As applied to count II of the complaint, there are several conclusory statements that are not entitled to a presumption of truth. Allegations such as plaintiff's that allege defendant "intruded into plaintiff's privacy in obtaining said . . . report with no permissible purpose in violation of the FRCA 15 U.S.C. § 1681b(f)," and that deny any prior business dealings or accounts with defendant are conclusory and fail to establish that the defendant's activities were impermissible. See Tonini v. Mandarich Law Group, LLP, 2012 WL 2726761 (S.D. Cal. July 9, 2012) (concluding plaintiff failed to allege sufficient facts); Pyle v. First Nat'l. Collection Bureau, 2012 WL 1413970 (E.D. Cal. April 23, 2012) (finding conclusory statements which alleged defendant violated 15 U.S.C. § 1681b by obtaining plaintiff's consumer report without a permissible purpose were insufficient); Hinkle v. CBE Group, 2012 WL 681468 (S.D. Ga. Feb. 3, 2012) (holding that plaintiff failed to explain how defendant violated the FCRA); Boston v. Collection Co. of Am., 2013 WL 170401 (W.D.N.C. Jan. 16, 2013) (finding plaintiff's complaint only included conclusory statements that defendant violated the FRCA and granting defendant's motion to dismiss). The complaint fails to set forth any facts which suggest that defendant's use of the credit report was impermissible. A collection agency is permitted to obtain a consumer report if the agency is doing so for the purpose of debt collecting. Huertas v. Galaxy Asset Mgmt, 641 F.3d 28, 34 (3d Cir. 2011). It is not necessary that a plaintiff have direct dealings with a defendant in order for the defendant to lawfully obtain a consumer report. Plaintiff has failed to meet her burden under FRCP 12(b)(6). Accordingly, defendant's motion to dismiss is granted as to count II of the complaint.
B. Count V.
Count V of the complaint asserts that GC violated the TCPA by making calls to plaintiff's cellular phone using an automated telephone dialing system without plaintiff's prior express consent. This is a "[t]hreadbare recital[] of the elements of a cause of action, supported by mere conclusory statements." Iqbal, 556 U.S. at 678. Such a recital does not satisfy the plaintiff's burden under FRCP 12(b)(6). Id. However, plaintiff goes further than this threadbare recital in her complaint. She specifically alleges that prerecorded voice messages were left on her phone by defendant. Although defendant urges the Court to look to an affidavit it supplied with its motion to dismiss, the Court cannot do that at this stage. As a general rule extrinsic evidence should not be considered at the 12(b)(6) stage. Am. Chiropractic Ass'n. v. Trigon Healthcare, Inc., 367 F.3d 212, 234 (4th Cir. 2006). The only exception to this rule is when the attached document "was integral to and explicitly relied on in the complaint and [if] the plaintiffs do not challenge its authenticity." Id. Plaintiff has alleged specific facts supporting her claim here and the Court will not rely on defendant's denials at this stage. Accordingly, defendant's motion to dismiss is denied as to count V of the complaint.

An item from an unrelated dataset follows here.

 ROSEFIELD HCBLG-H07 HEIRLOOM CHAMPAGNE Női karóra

III. PLAINTIFF'S MOTION FOR LEAVE TO FILE AMENDED COMPLAINT.
Leave to amend should be freely given when justice so requires. FED. R. CIV. P. 15. However, the right to amend is not unfettered. "[L]eave to amend a pleading should be denied only when . . . the amendment would be futile." Edwards v. City of Goldsboro, 178 F.3d 231, 242 (4th Cir. 1999). A proposed amendment is futile when "it advances a claim or defense that is legally insufficient on its face." Joyner v. Abbott Labs., 674 F. Supp. 185, 190 (E.D.N.C. 1987).
A. Removal of Parties.
Although unnecessary because plaintiff earlier dismissed the claims against all defendants other than GC, plaintiff has amended the complaint to eliminate the allegations and claims against GC Services Corp., GC Services International, LLC, and GC Services LLC. Defendant has no objection and, accordingly, plaintiff's motion for leave to file amended complaint is granted to remove those allegations and claims.

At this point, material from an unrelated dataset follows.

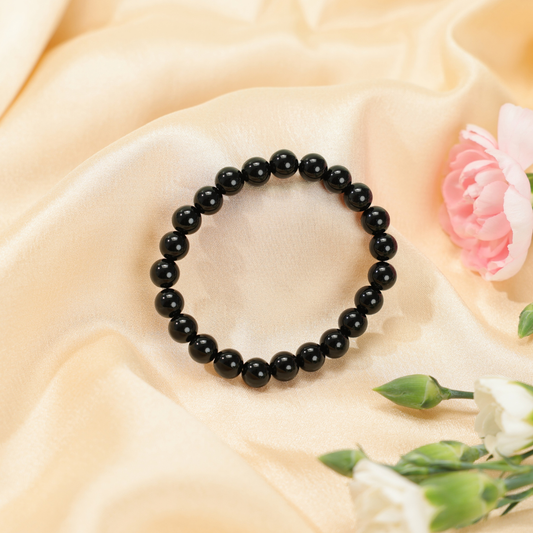 Black Onyx Bracelet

B. Count I of the Amended Complaint.
Count I of the amended complaint is essentially a restatement of count II of the original complaint. Because this Court has dismissed count II of the original complaint pursuant to FRCP 12(b)(6), see infra Part II.A., plaintiff's amendment here is futile. Accordingly, plaintiff's motion for leave to file amended complaint is denied as to count I of the amended complaint.

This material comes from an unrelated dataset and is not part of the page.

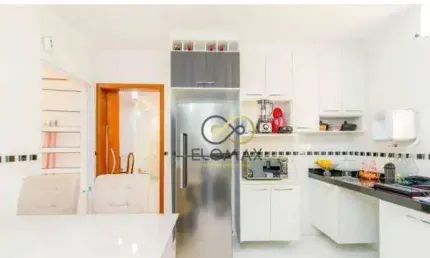 Sobrado com 3 dormitórios à venda, 190 m² por r$ 980.000,00 - parada inglesa - são paulo/sp
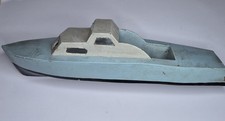 Vintage Hand Built Wooden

C. Count II of the Amended Complaint.
Defendant argues that allowing plaintiff to amend her complaint to add a claim against GC pursuant to the Fair Debt Collection Practices Act ("FDCPA"), 15 U.S.C. § 1692 (2012), is futile because the allegations set forth do not sufficiently allege a claim under the FDCPA. Under the FDCPA, a debt is an "obligation or alleged obligation of a consumer to pay money arising out of a transaction in which the money, property, insurance, or services which are the subject of the transaction are primarily for personal, family, or household purposes." 15 U.S.C. § 1692a(5). In order to prevail on a FDCPA claim, plaintiff must prove that "(1) the plaintiff has been the object of collection activity arising from consumer debt, (2) the defendant is a debtor collector as defined by the FDCPA, and (3) the defendant has engaged in an act or omission prohibited by the FDCPA." Dikun v. Streich, 369 F. Supp. 781, 784-85 (E.D. Va. 2005); see also Perez v. Slutsky, 1994 WL 698519 at *2 (N.D. Ill. Dec. 12, 1994) (holding "[i]n order to state a claim under the FDCPA, a plaintiff must allege that the debt giving rise to the cause of action is an offer or extension of credit covered by the FDCPA.").
Here, plaintiff has not alleged that the debt to be collected is consumer debt or that it is primarily for personal, family, or household purposes. In fact, plaintiff denies the existence of any debt at all. Because count II of plaintiff's proposed amended complaint fails to state a claim for which relief may be granted, it is futile to allow her to amend the complaint. Accordingly, plaintiff's motion for leave to file amended complaint is denied as to count II of the amended complaint.
D. Count III of the Amended Complaint.
Count III of the amended complaint restates count V of the original complaint. Since this Court held that count V of the original complaint was properly alleged, see infra Part II.B., plaintiff's motion for leave to file amended complaint is granted regarding count III of the amended complaint.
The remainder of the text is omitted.